Your answer must be the lines from the one containing "Harga Minyak Naik, Rupiah" through the last line below, copied exactly, with no pictures.
RECORD SET section start
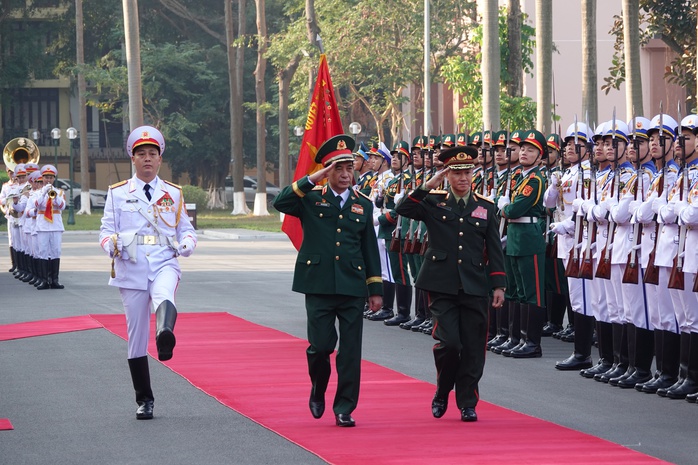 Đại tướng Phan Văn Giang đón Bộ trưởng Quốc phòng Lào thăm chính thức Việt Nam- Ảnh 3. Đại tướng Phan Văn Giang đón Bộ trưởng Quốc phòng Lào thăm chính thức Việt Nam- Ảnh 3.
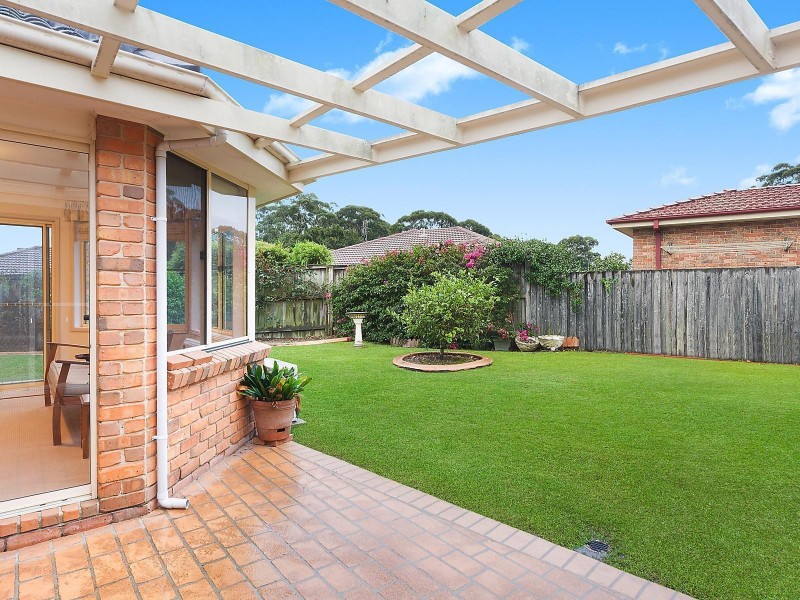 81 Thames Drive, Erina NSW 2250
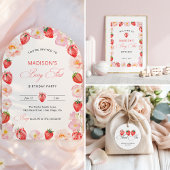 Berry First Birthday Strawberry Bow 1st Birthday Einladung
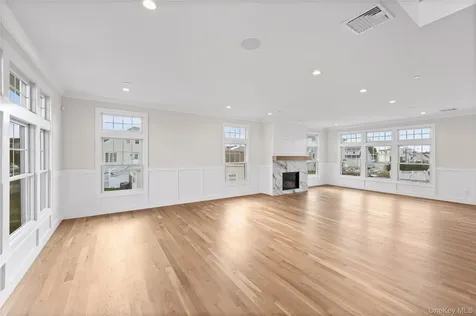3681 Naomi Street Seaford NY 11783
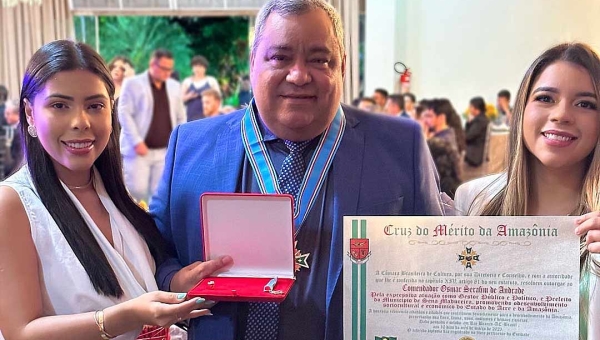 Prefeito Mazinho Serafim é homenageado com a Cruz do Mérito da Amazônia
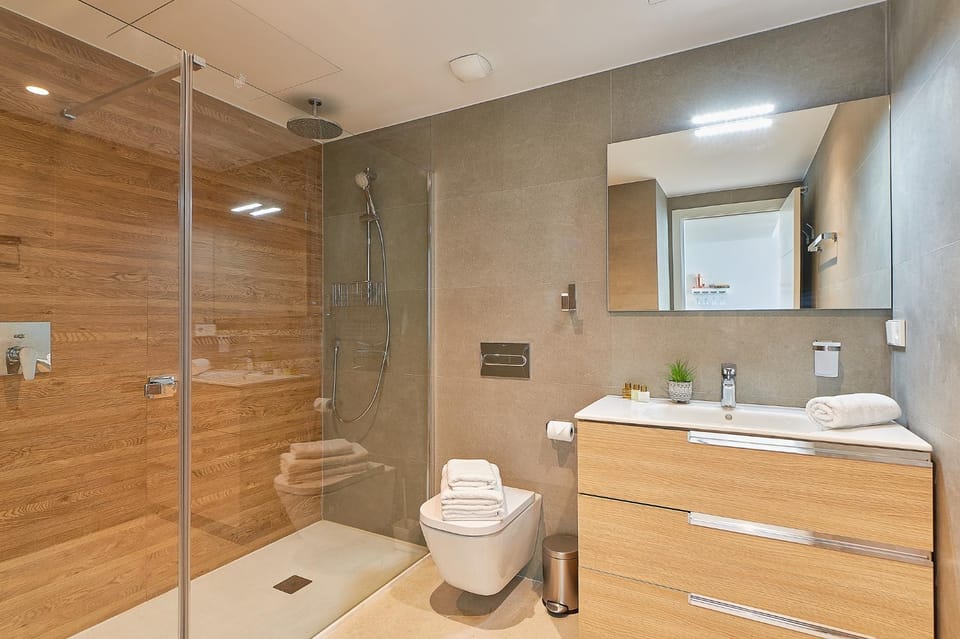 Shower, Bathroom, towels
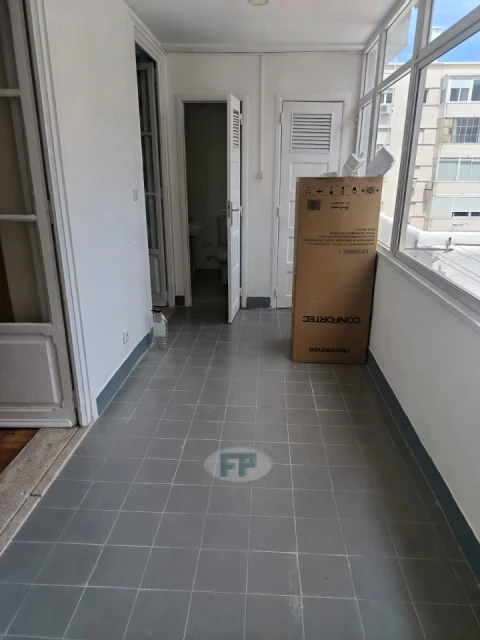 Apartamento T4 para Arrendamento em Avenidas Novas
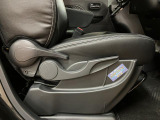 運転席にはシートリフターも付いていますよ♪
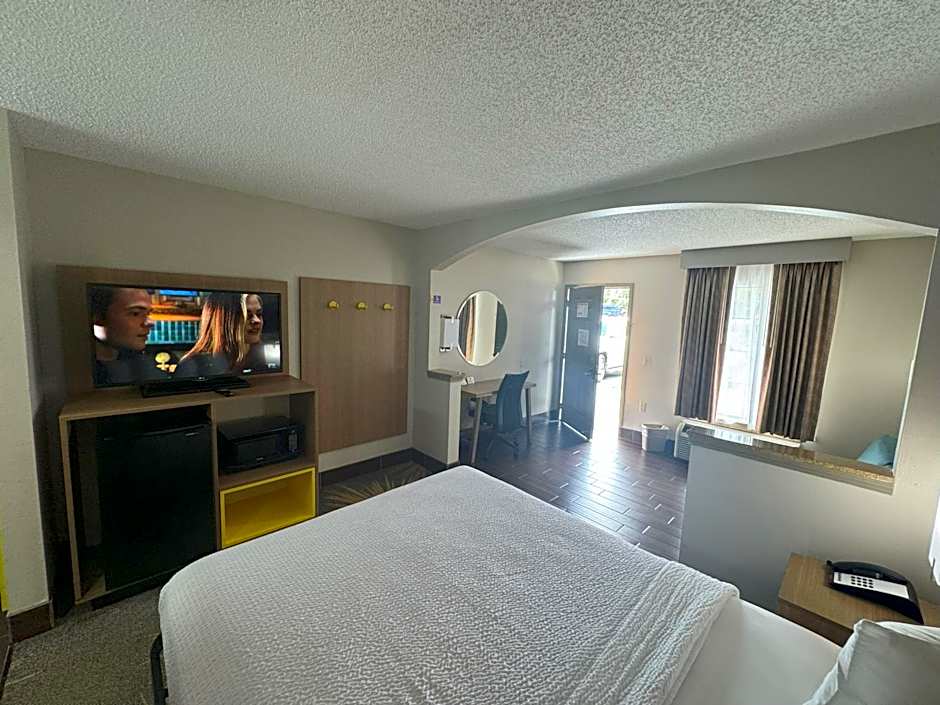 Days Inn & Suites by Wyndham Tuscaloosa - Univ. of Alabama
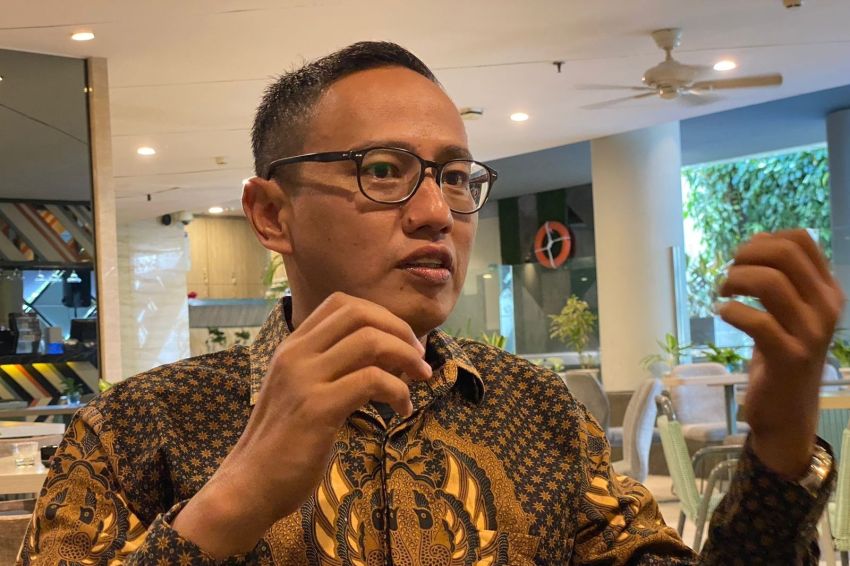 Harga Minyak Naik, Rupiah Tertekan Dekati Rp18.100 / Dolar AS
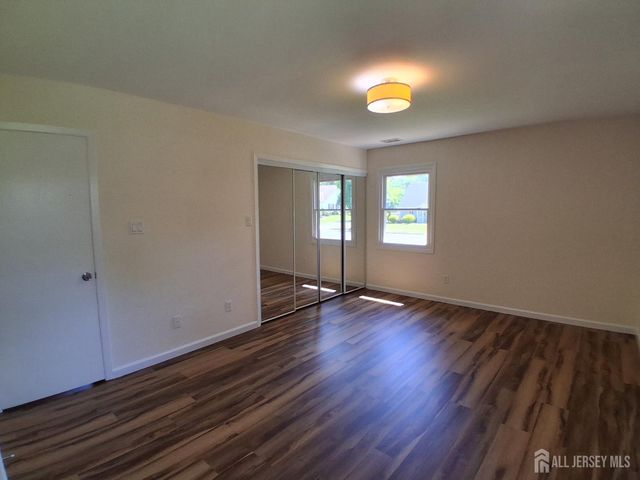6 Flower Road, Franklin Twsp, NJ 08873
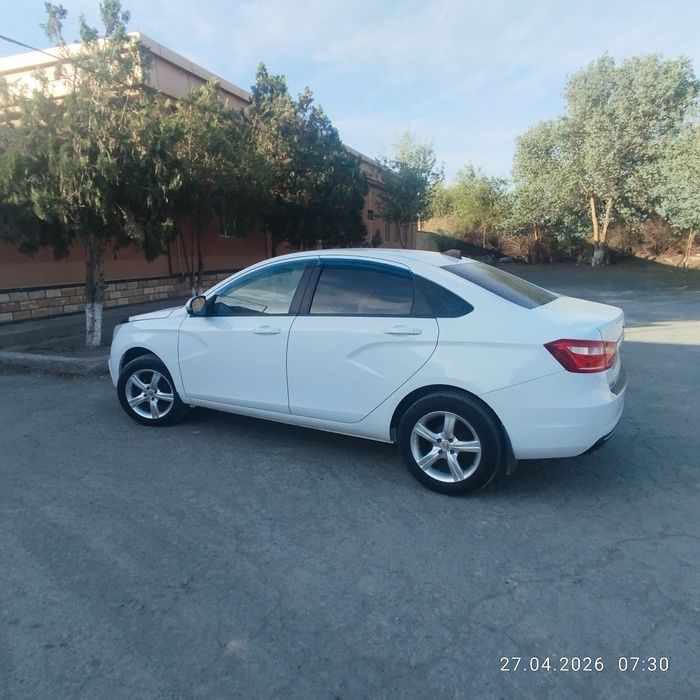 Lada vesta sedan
RECORD SET section end
:: FINISHED EXERCISE ::
 Harga Minyak Naik, Rupiah Tertekan Dekati Rp18.100 / Dolar AS
6 Flower Road, Franklin Twsp, NJ 08873
 Lada vesta sedan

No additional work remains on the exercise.